The principle involved in the construction of plain cloth is the interlacement of any two continuous threads either warp or weft in an exactly contrary manner to each other, with every thread in each series
passing alternately under and over consecutive threads of other series interlaces uniformly throughout the fabric. By this plan of interlacement, every thread in each series interlaces with every thread in the
other series to the maximum extent, thereby producing a comparatively firm and strong texture of cloth.
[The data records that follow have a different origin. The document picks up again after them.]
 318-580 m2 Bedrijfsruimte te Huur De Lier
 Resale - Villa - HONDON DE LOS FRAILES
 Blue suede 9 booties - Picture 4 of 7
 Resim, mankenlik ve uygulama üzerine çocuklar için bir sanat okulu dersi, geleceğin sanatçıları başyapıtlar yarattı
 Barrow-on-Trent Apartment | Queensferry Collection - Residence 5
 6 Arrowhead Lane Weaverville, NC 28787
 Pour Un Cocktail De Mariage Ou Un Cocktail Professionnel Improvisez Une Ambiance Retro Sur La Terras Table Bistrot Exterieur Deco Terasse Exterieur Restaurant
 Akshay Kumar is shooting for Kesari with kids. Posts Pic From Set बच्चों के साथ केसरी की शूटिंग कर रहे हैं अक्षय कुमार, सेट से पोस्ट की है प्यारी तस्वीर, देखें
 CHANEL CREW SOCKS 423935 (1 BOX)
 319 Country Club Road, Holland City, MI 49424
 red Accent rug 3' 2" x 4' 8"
Set of the Warp Yarns, skipping one warp yarn alternatively, making up and down movement one by one creates a shed and this is what being done in plain weave. It means 50 % of total Warp Yarns remains up and rest of
50 % of them remains down always.
A complete unit of the plain weave occupies only two ends of warp yarns and two picks of weft yarns.
2/2 Matt: In case of regular matt weave, the plain weave is extended equally in the warp and weft directions in bunch of 2 or 3 or 4 warp and weft yarns.
Twill Weave: Twill weave is done by passing the weft yarn under the 2 or more warp yarns and then over the one warp yarn and so on. Twill weave distinguishes from other weaves is because of the presence
of visible diagonal lines that run across the width of the woven fabric.
Satin and Sateen Weaves: Satin is the Warp faced rearranged twill and Sateen is the Weft faced rearranged twill. Thus satin is the reverse side of the Sateen weave. The highlighted feature of
these weaves are their brightness / lustrous appearance and smoothness.